Rotor challenges prevailing hub technology with RVOLVER

Lower friction when coasting so you roll farther on accumulated momentum

Gear News
Rotor RVOLVER Hub Technology

By utilizing a clutch-type system and floating the ring, you lower friction when coasting so you can roll farther on accumulated momentum.

Rotor has long been a bastion for alternative ideas. They made their name selling oval chainrings to an industry that’s forever revolved around round.
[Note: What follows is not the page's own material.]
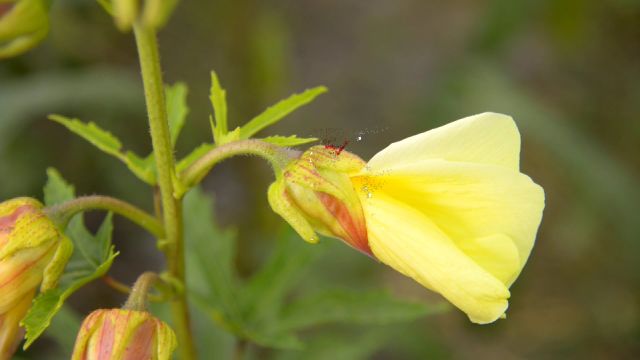 金花葵推介片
And now the Spanish company is taking aim at the hub market.

Their new RVOLVER technology utilizes radial pawls in the freehub body that engage a floating ratchet ring with a less than 15° engagement angle to react (they say) instantly to pedaling force without losing velocity. The idea is that utilizing a clutch-type system and floating the ring, you lower friction when coasting so you can roll farther on accumulated momentum. Press play to see the unique hub in action.

Rotor also claims that by connecting the ratchet ring to the hub shell without threaded parts significantly lowers RVOLVER’s weight, and sealed bearings and fewer internal parts make it easier to install and maintain without the need for special tools.

RVOLVER’s flange design features evenly spaced, notched flanges to reduce overall weight and allow for easier wheel assembly. The flanges also offer tailored hub shells for a standard or a 2:1 spoke lacing pattern. The hub’s multi-compatibility design means that it’s compatible with most frames and forks currently available. At launch the hubs, which are CNC machined from 7075 aluminum near Madrid, will be available in traditional road and 6-bolt disc rod, and 6-bolt MTB. Availability is set for October 2017. Scroll through the spec sheets below for more info.

Rotor RVOLVER Hub Technology


Rotor RVOLVER Hub Technology

RVOLVER Disc Brake Road Hubs

Rotor RVOLVER Hub Technology

RVOLVER Rim Brake Road Hubs

To learn more head to

About the author: Mtbr is a site by mountain bikers for mountain bikers. We are the best online resource for information for mountain bikers of all abilities, ages and interests.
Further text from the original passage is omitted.